Brandon Ruiz
Boiling Over
My jaw dropped a few minutes ago when I was browsing my daily news and read that former Pakistani Prime Minister Benazir Bhutto was assassinated. We have never discussed the situation in Pakistan here on Urbanagora, but I’ve thought about it quite a bit.
Pakistan could change the political landscape here in the U.S. more than just about anyone can realize. Pakistan is a nuclear-armed country that is in political turmoil. The top of this pressure cooker is being held down by strongman Pervez Musharraf who supports the very groups that are trying to take him down. He is part of the generation of Pakistani military officers that came up in the 70s and 80s when many military men were taking an interest in Islamism. He’s been supporting or at least not bothering the Taliban in the northwest while repressing his own people and continually denying even a mockery of a free and fair election. Pakistan has been heading toward some “interesting” shall we say, times for a while now and the death of the only serious contender for the Pakistani leadership will only increase tension.
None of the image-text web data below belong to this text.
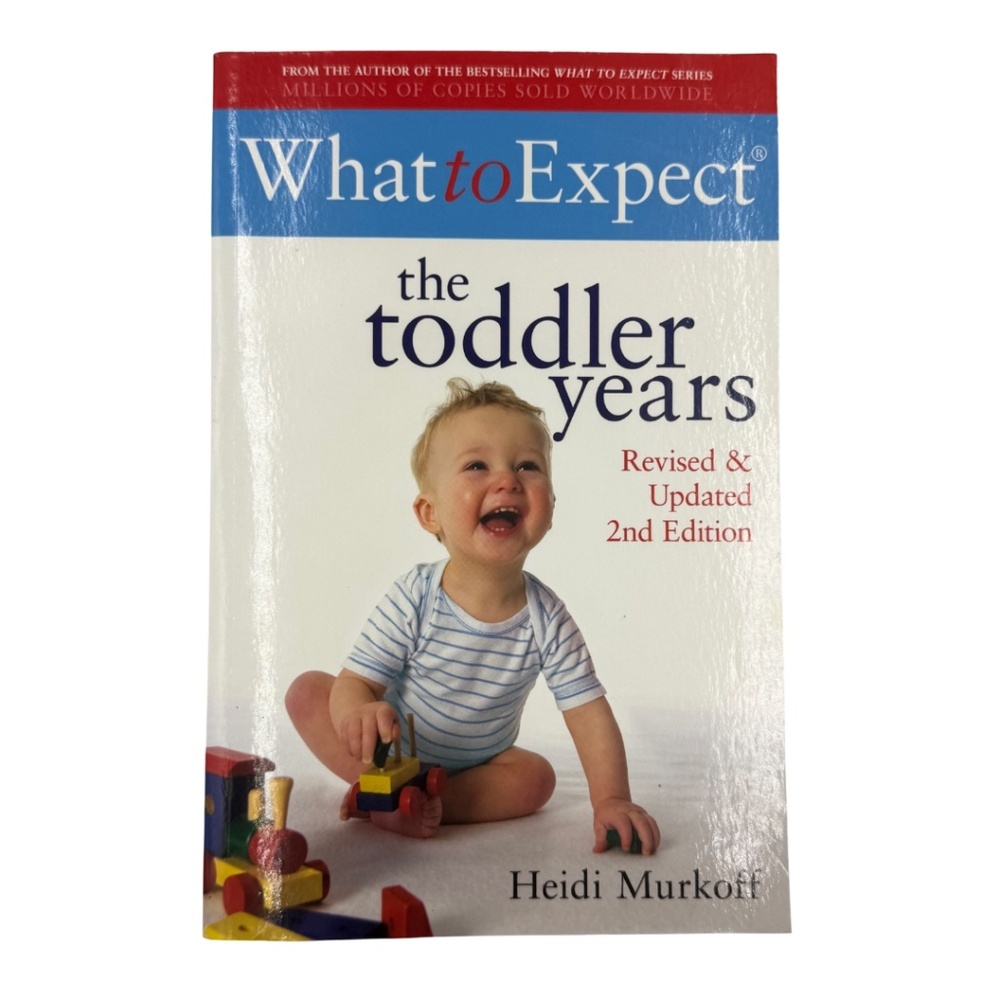 What to Expect by Heidi Murkoff The Toddler Years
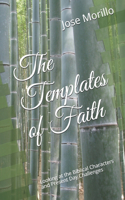 The Templates of Faith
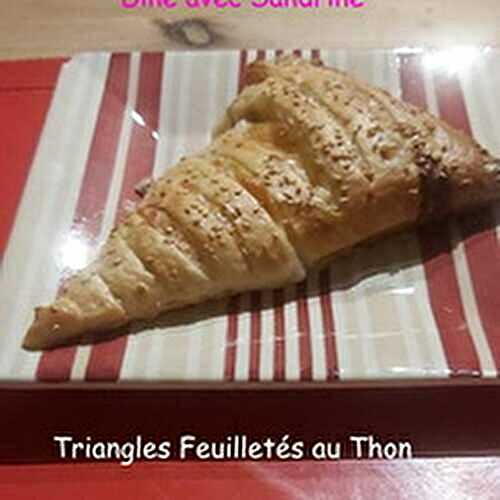 Des Triangles Feuilletés au Thon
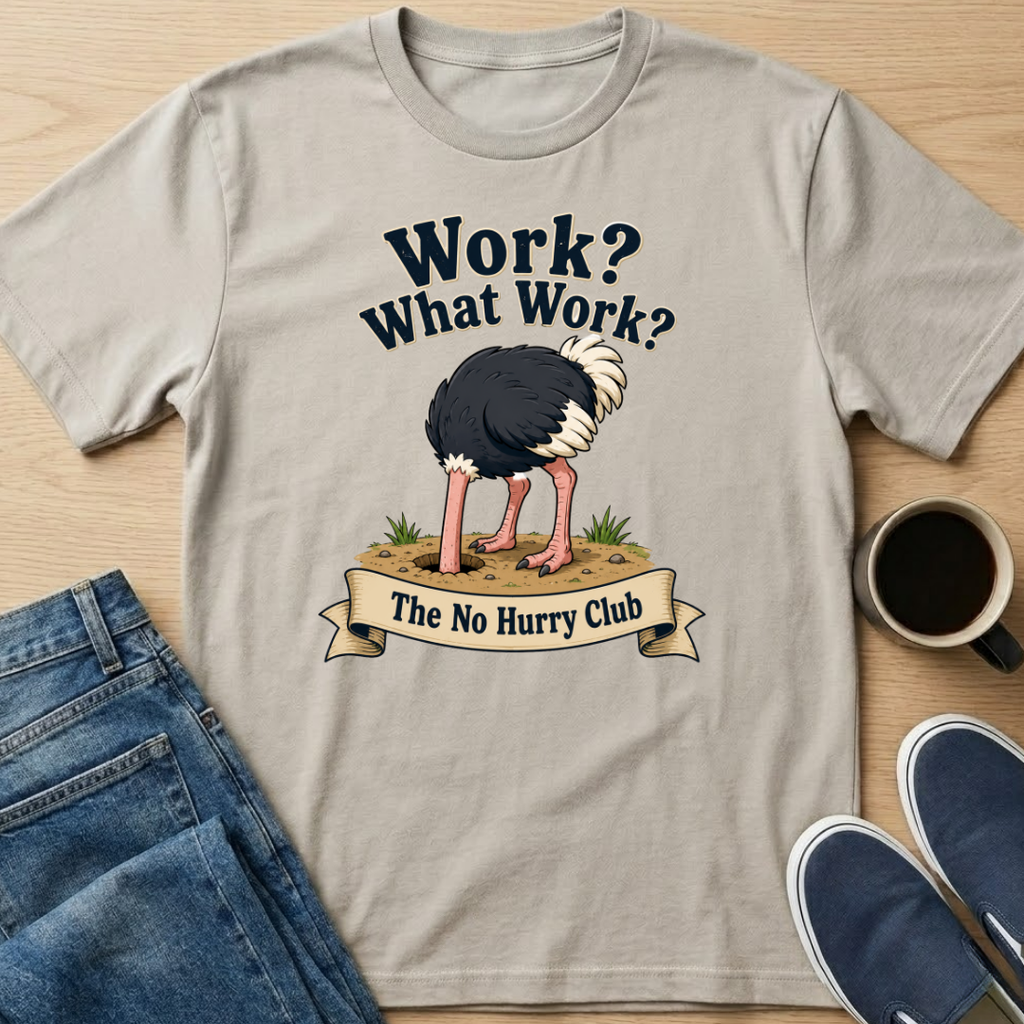 Work? Ostrich T-Shirt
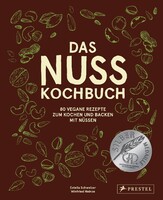 Prestel Verlag Das Nuss-Kochbuch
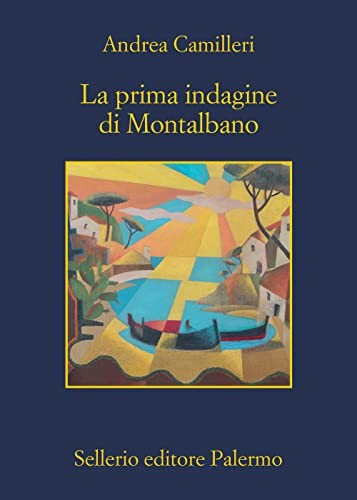 Andrea Camilleri: La prima indagine di Montalbano (Paperback, Sellerio di Giorgianni)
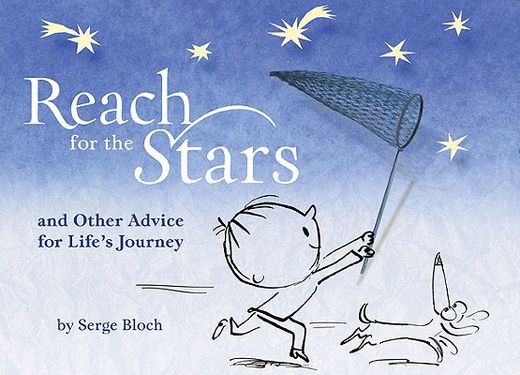 reach for the stars,and other advice for life´s journey (en Inglés)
The only other contender for the office was Nawaz Sharif. Last I heard Sharif was barred from seeking office and many of his party were similarly barred from running in regional elections. This essentially leaves Musharraf as the sole contender for Pakistan’s highest office frustrating democracy and increasing tensions. I imagine the next few months will be tumultuous and violent. These events will likely destabilize the region further and will doubtless impact politics here in the U.S. as contenders for office will have to come up with an appropriate response.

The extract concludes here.